25 March 2010

Yarra River, Melbourne, 26 March 2010

email to John

Dear John,

I want to thank you for your interest in my work and to point you in the direction of this blog, which I am using to develop ideas for the exhibition project.  The (working) title for the show is Public Water, it will be a multi-projection and sound installation, at least that’s how I’m currently thinking of realising it.  Things are very much in process though so it’s perfectly possible that it will change quite a bit by the time it’s exhibited, which should be sometime later this year.

The initial ideas come from thinking around public space, something that has been much contested recently; notions of what constitutes ‘public’ space have become shifting, provisional, and contingent.  In the aftermath of the 7/7 bombs in London (and I guess by extension of 9/11) there has been a distinct change in the way urban ‘public’ space has been policed.  To qualify, ‘public’ space is defined as space to which the public is freely admitted, however we know that this space is often not strictly speaking public or publicly owned, it is often in private ownership and as such subject to the dictates of private security companies and their guards.  An example of this in London is Canary Wharf.  In addition to the ambiguity that surrounds what is or isn’t permitted in private public space, there has been a change in the way that public public space is policed, and the law allows for the apprehension of, for example, photographers who might be thought to be behaving in a ‘suspicious manner’.  Press reports about photographers being apprehended have appeared regularly and there has become something of a movement against this.
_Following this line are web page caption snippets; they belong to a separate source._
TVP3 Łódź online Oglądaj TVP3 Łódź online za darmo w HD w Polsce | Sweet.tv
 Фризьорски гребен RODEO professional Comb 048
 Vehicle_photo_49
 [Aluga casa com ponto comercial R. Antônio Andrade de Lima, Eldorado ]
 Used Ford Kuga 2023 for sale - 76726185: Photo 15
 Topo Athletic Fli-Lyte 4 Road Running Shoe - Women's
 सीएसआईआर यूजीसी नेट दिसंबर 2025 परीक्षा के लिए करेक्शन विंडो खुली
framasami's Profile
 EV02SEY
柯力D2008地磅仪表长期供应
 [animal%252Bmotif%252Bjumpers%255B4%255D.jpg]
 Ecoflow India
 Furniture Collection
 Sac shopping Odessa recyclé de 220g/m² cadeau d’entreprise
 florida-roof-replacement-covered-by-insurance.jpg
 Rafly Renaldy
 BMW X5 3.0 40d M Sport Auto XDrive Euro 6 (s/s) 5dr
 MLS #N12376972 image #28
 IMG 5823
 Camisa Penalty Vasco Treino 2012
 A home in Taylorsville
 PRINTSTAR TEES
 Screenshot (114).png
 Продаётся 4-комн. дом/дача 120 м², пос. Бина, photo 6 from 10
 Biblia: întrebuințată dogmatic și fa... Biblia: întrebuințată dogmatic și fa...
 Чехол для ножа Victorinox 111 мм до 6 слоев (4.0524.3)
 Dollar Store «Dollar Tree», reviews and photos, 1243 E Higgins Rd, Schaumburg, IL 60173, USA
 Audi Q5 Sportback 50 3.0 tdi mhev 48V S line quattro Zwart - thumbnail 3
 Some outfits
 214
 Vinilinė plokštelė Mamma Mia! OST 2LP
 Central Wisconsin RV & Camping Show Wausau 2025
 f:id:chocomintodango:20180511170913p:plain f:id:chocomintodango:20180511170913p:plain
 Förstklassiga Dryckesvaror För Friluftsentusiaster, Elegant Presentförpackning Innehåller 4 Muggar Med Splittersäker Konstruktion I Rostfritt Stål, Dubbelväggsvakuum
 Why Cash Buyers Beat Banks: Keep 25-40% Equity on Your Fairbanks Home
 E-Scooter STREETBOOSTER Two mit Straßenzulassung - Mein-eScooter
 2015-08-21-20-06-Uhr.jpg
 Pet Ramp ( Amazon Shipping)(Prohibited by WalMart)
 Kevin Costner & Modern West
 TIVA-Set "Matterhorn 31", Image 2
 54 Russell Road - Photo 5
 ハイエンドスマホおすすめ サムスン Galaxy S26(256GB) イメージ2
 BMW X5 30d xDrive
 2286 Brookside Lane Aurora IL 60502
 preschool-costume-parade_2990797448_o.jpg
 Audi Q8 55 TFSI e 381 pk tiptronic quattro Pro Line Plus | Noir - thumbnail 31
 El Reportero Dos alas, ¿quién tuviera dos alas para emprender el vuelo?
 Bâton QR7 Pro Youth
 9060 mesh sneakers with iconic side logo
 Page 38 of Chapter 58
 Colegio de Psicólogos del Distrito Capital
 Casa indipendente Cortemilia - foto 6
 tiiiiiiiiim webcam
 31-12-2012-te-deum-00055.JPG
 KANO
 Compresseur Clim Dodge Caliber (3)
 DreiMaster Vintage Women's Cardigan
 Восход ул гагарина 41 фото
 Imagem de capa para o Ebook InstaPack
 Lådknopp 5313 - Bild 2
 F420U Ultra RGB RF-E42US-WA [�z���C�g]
This is in addition to, in London at least, a continuing increase in the amount and number of CCTV.  The sum total of this is an ongoing increase in the surveillance and apprehension of people in public and private, public space for behaviour no more sinister than taking snapshots, or simply being in a certain place at a certain time.  This increasing paranoia has resulted in a culture, not of safety, but of inculcated fear.  This is well documented and unpacked, particularly in books such as Anna Minton’s Ground Control.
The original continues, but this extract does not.